EXERCISE> A letter-for-letter copy of the listing is required, with no pictures in it.

EXERCISE INPUT>
§

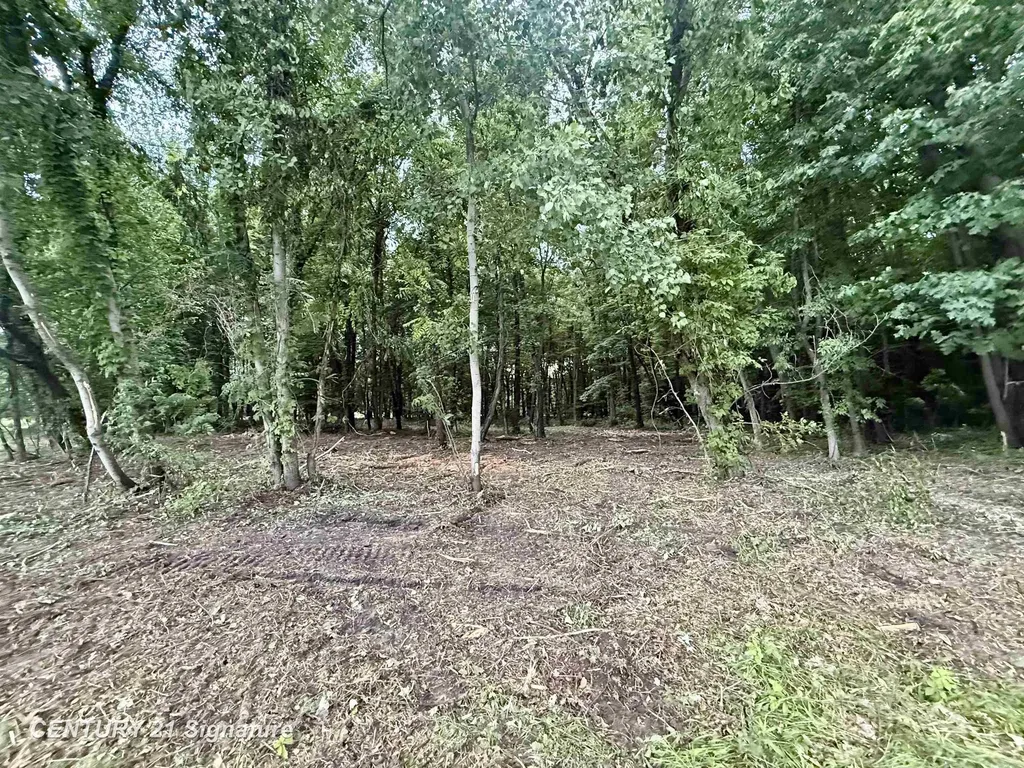 0 Seymour Road Taymouth Township MI 48417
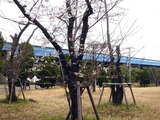 20110402_市川市二俣新町_二俣新町駅前_サクラ_1111_DSC00285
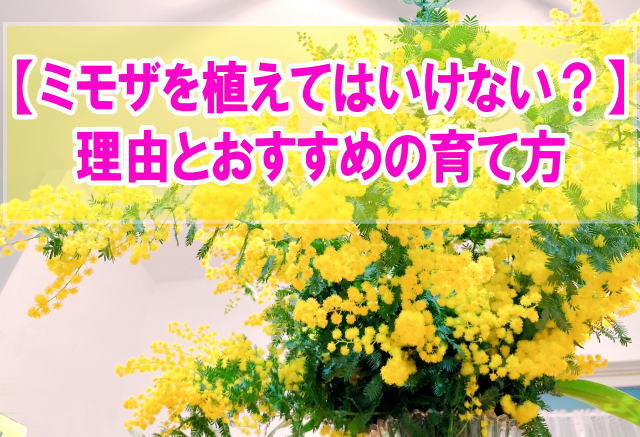 ミモザを庭に植えてはいけない５つの理由とは？おすすめの育て方や外構で後悔しないための対策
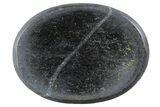 Polished Pyrite Worry Stones - 1.5" Size - Photo 2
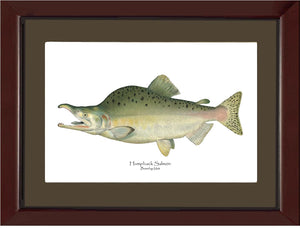 Humpback Salmon - Breeding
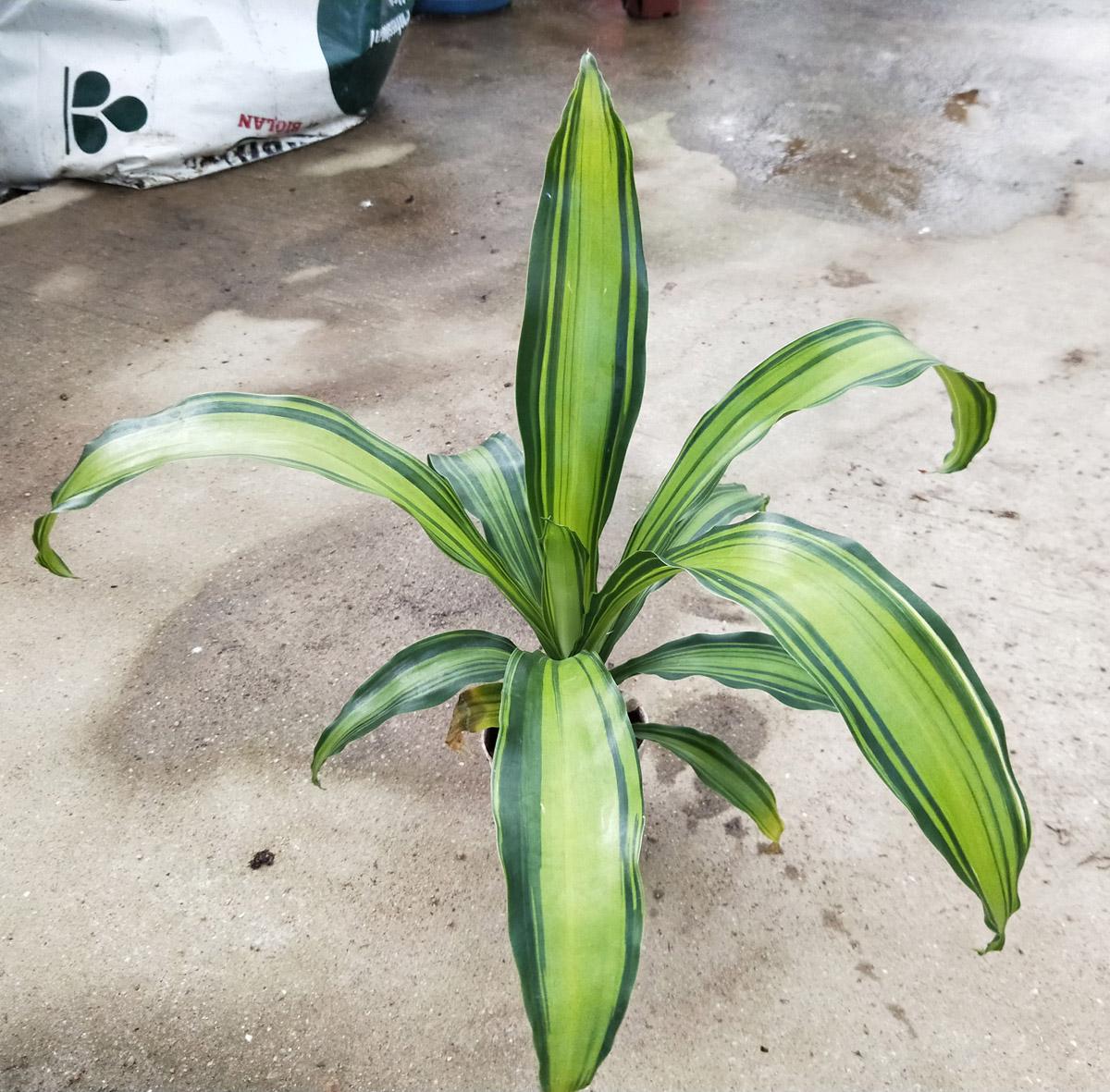 Dracaena Fragrans Marley - View 10 from www redcrocus com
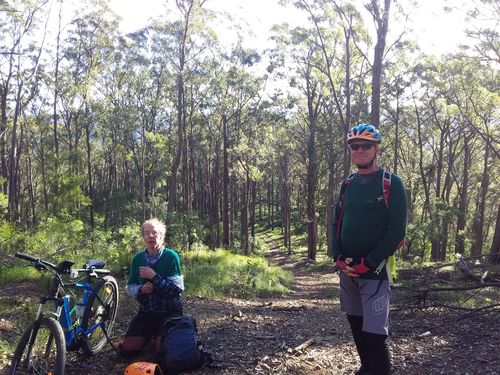 Customer photo review of 36V 11.6Ah 396Wh Phylion eBike Battery CPPY36-11 XDS Velectrix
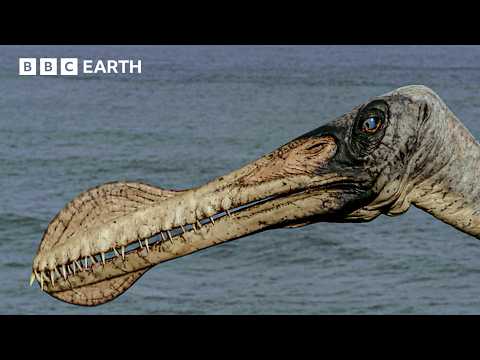Flying Giants of the Cretaceous | Walking with Dinosaurs (1999) | BBC Earth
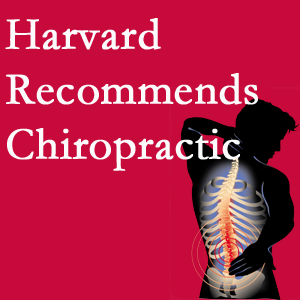 Dr. Paulette Hugulet, DC, LLC offers chiropractic care like Harvard recommends.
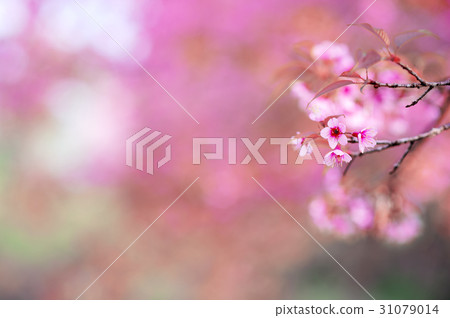 Cherry Blossom or Sakura flower 31079014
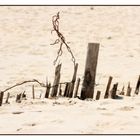 Barrière sur la plage.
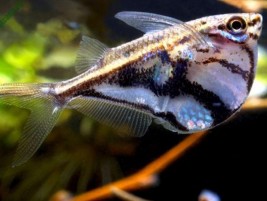 Cá mắt đèn xanh – loài cá nhỏ có đôi mắt sáng như ánh đèn dễ nuôi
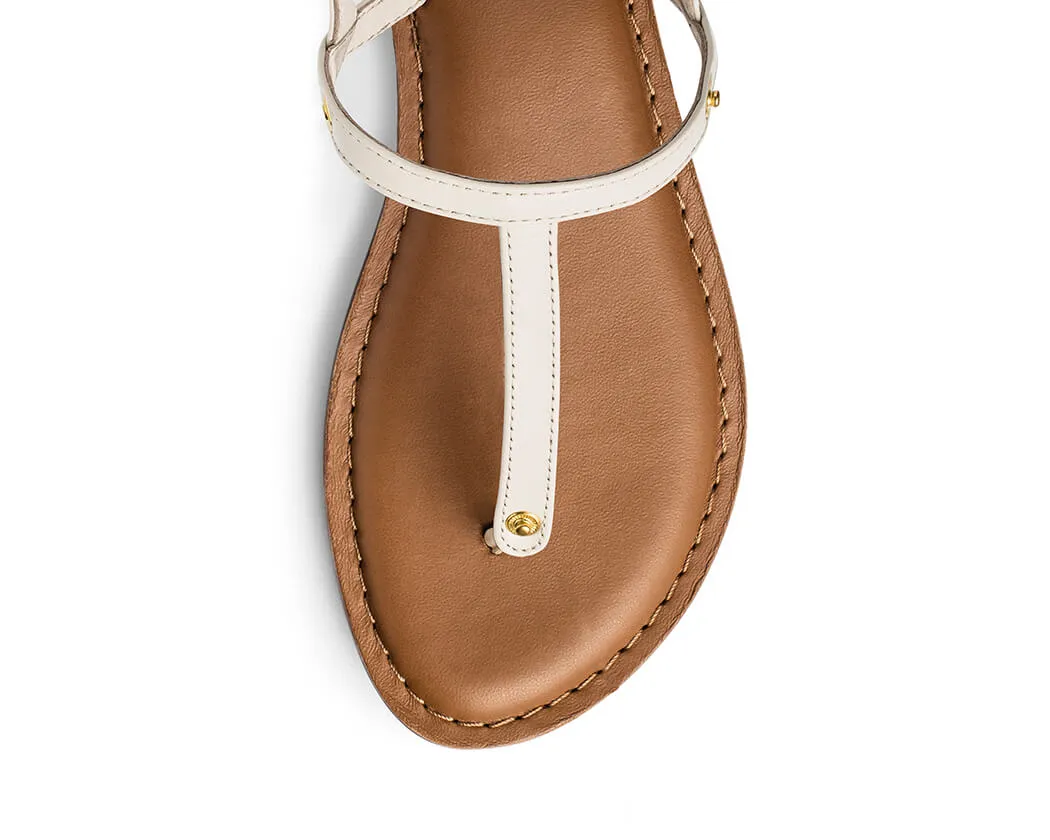 Classic Crema TS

§

SOLUTION FOR THIS PROBLEM>
 0 Seymour Road Taymouth Township MI 48417
 20110402_市川市二俣新町_二俣新町駅前_サクラ_1111_DSC00285
 ミモザを庭に植えてはいけない５つの理由とは？おすすめの育て方や外構で後悔しないための対策
 Polished Pyrite Worry Stones - 1.5" Size - Photo 2
 Humpback Salmon - Breeding
 Dracaena Fragrans Marley - View 10 from www redcrocus com
 Customer photo review of 36V 11.6Ah 396Wh Phylion eBike Battery CPPY36-11 XDS Velectrix
Flying Giants of the Cretaceous | Walking with Dinosaurs (1999) | BBC Earth
 Dr. Paulette Hugulet, DC, LLC offers chiropractic care like Harvard recommends.
 Cherry Blossom or Sakura flower 31079014
 Barrière sur la plage.
 Cá mắt đèn xanh – loài cá nhỏ có đôi mắt sáng như ánh đèn dễ nuôi
 Classic Crema TS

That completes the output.